Ma soprattutto, cinquant’anni fa usciva per Bompiani, in occasione del conferimento del premio Nobel per la letteratura a Sha”y Agnon, l’edizione italiana del primo romanzo dello scrittore israeliano, con prefazione di Guido Lopez, traduzione di niente di meno che Rav Dante Lattes e copertina illustrata da Emanuele Luzzati. Rav Lattes, a dire il vero, lo aveva già tradotto ed edito per La Rassegna Mensile d’Israel nel 1927, in anni ben più vicini all’atmosfera in cui Agnon aveva scritto E il torto diventerà diritto. Pubblicato originariamente nel 1912, il romanzo narra infatti la vita ebraica in Galizia, terra tra le attuali Polonia ed Ucraina in cui lo scrittore era nato nel 1888. Se nel 1966 quel mondo che i lettori italiani poterono conoscere dalla pubblicazione di Bompiani era definitivamente scomparso, quando Rav Lattes aveva proposto Agnon ai lettori de La Rassegna, la vita degli shtetl galiziani era ancora fervida.

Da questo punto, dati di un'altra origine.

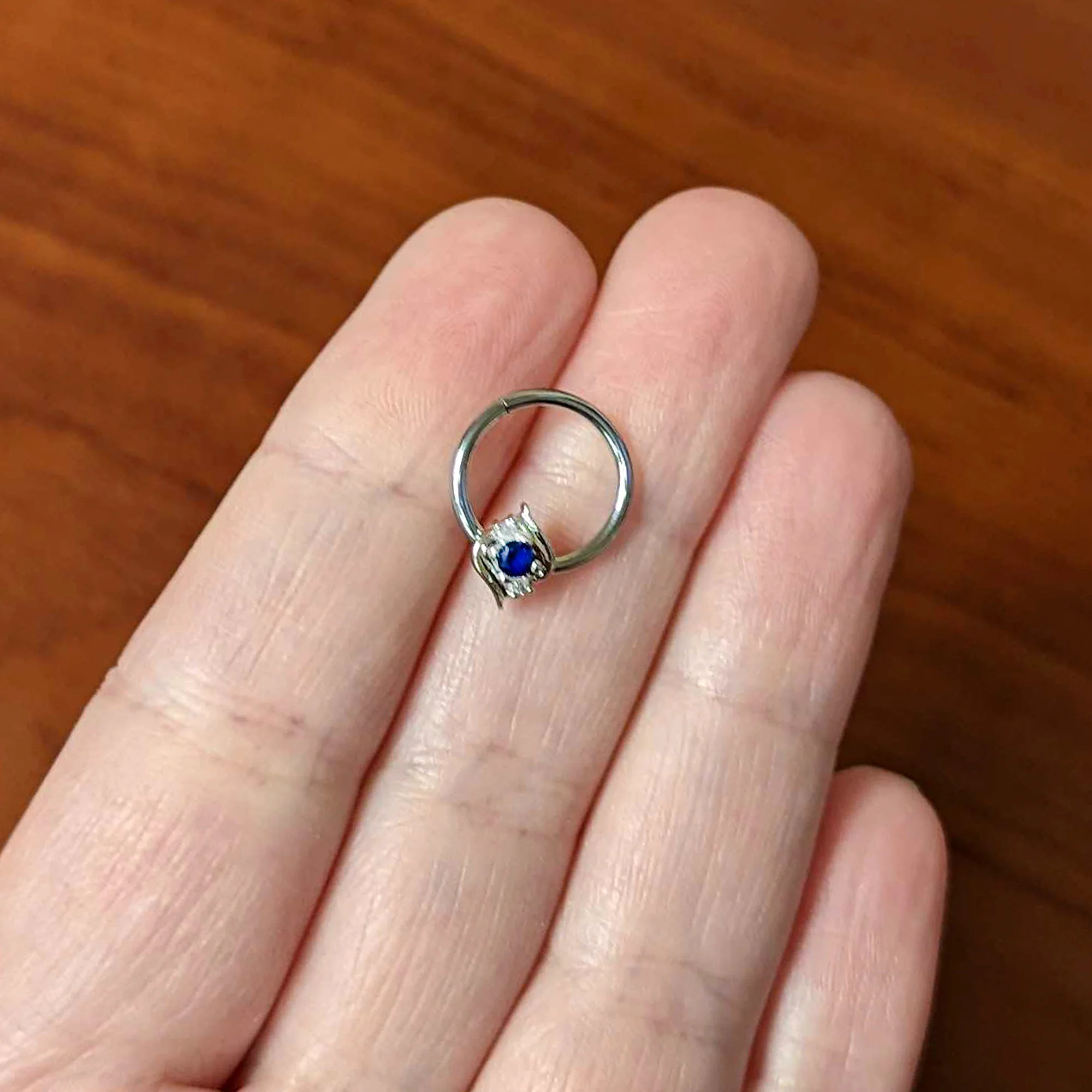 16G 3/8 Clear Blue Gem Oval Swirl Hinged Segment Ring - Image 4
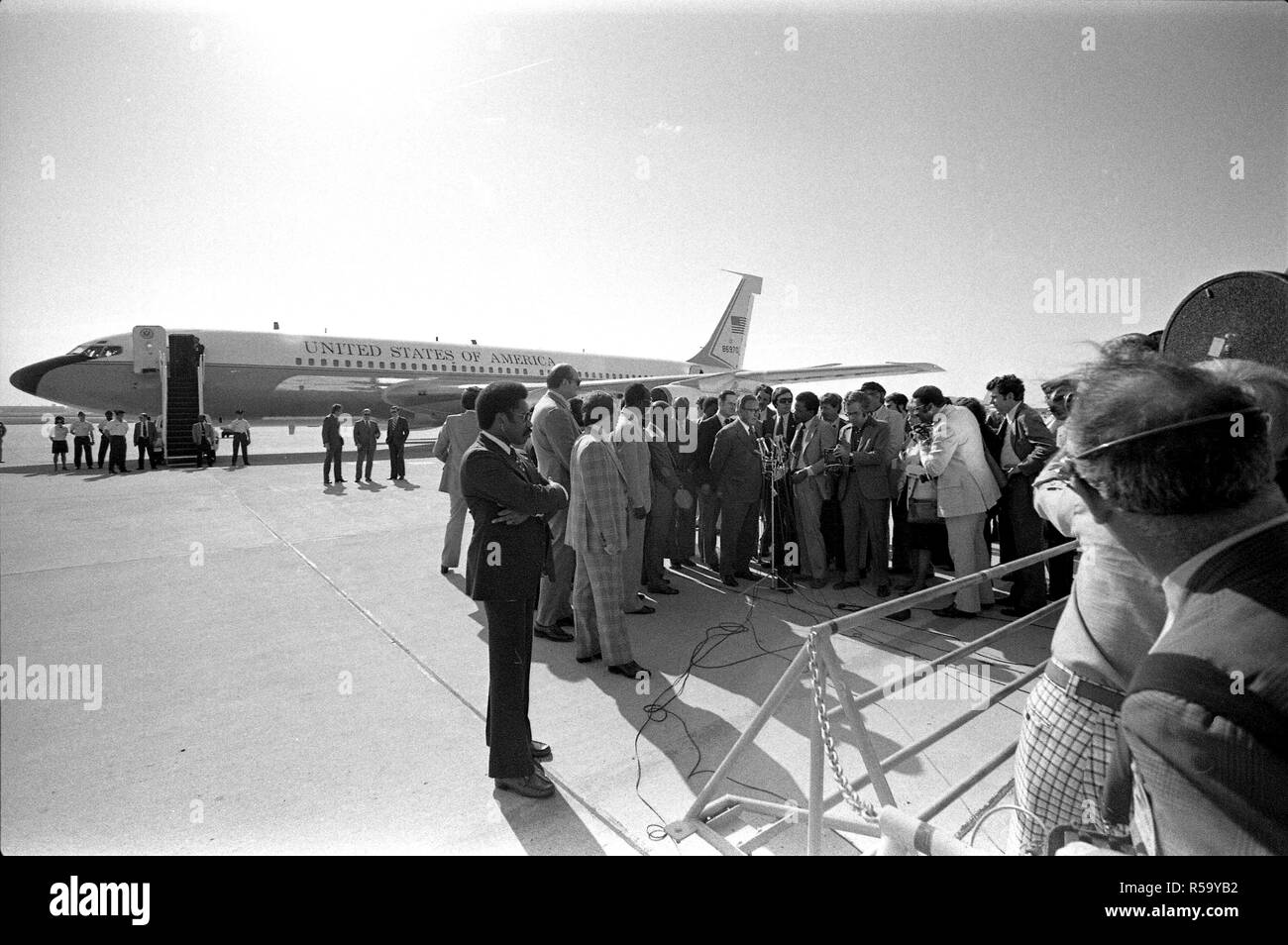 1976, April - Andrews Air Force Base - Henry Kissinger, kenianische Beamte (evtl. 3 kenianischen Mitglieder des Kabinetts), Medien, Geheimdienst - stehend auf dem Asphalt; Henry Kissinger am Mikrofon sprechen zu drücken - Staatssekretär Reise nach Afrika; Abfahrt Flughafen; Erläuterungen zu drücken Stockfoto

Poi, nel giugno del 1943, il Rapporto sulla soluzione del problema ebraico in Galizia del SS-und Polizeifuhrer registra l’efficace risultato della brutale opera di sradicamento, deportazione ed assassinio condotto nei confronti delle comunità ebraiche locali dal 1941 in avanti, tanto che a suon di Aktionen (deportazioni) e Sonderbehandlung (trattamento speciale ovvero gassazione) la Galizia poté ufficialmente essere dichiarata Judenfrei, letteralmente libera da ebrei. Segue nel rapporto il dettagliato e lunghissimo elenco dei beni ebraici sequestrati (ovvero razziati), e di come gli infidi ebrei braccati, con grande faccia tosta, abbiano cercato in tutti i modi di sottrarsi alle evacuazione e al ridislocamento (eufemismi per deportazioni ed eccidi).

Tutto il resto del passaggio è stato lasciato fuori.